• EXERCISE GOAL: Return, with both end lines included, exactly what the data below holds from the line with "Cyclonic Rift (V.3)" through the line with "Ellesse Steppjacke Lombardy", though not the pictures.

• LISTED RECORDS:
────────────────────────────────────────
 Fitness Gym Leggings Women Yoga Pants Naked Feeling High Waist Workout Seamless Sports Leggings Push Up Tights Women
────────────────────────────────────────
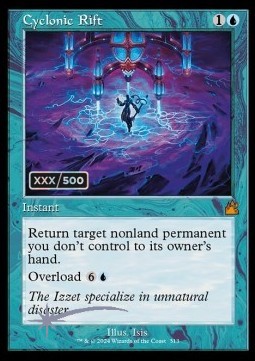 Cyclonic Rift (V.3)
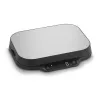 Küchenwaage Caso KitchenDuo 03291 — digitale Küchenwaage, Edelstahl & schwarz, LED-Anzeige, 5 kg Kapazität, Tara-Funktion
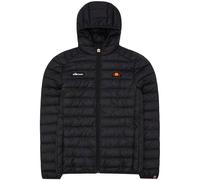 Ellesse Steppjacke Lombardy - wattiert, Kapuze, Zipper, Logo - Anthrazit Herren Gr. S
────────────────────────────────────────
• RESULT BELOW:
 Cyclonic Rift (V.3)
 Küchenwaage Caso KitchenDuo 03291 — digitale Küchenwaage, Edelstahl & schwarz, LED-Anzeige, 5 kg Kapazität, Tara-Funktion
 Ellesse Steppjacke Lombardy - wattiert, Kapuze, Zipper, Logo - Anthrazit Herren Gr. S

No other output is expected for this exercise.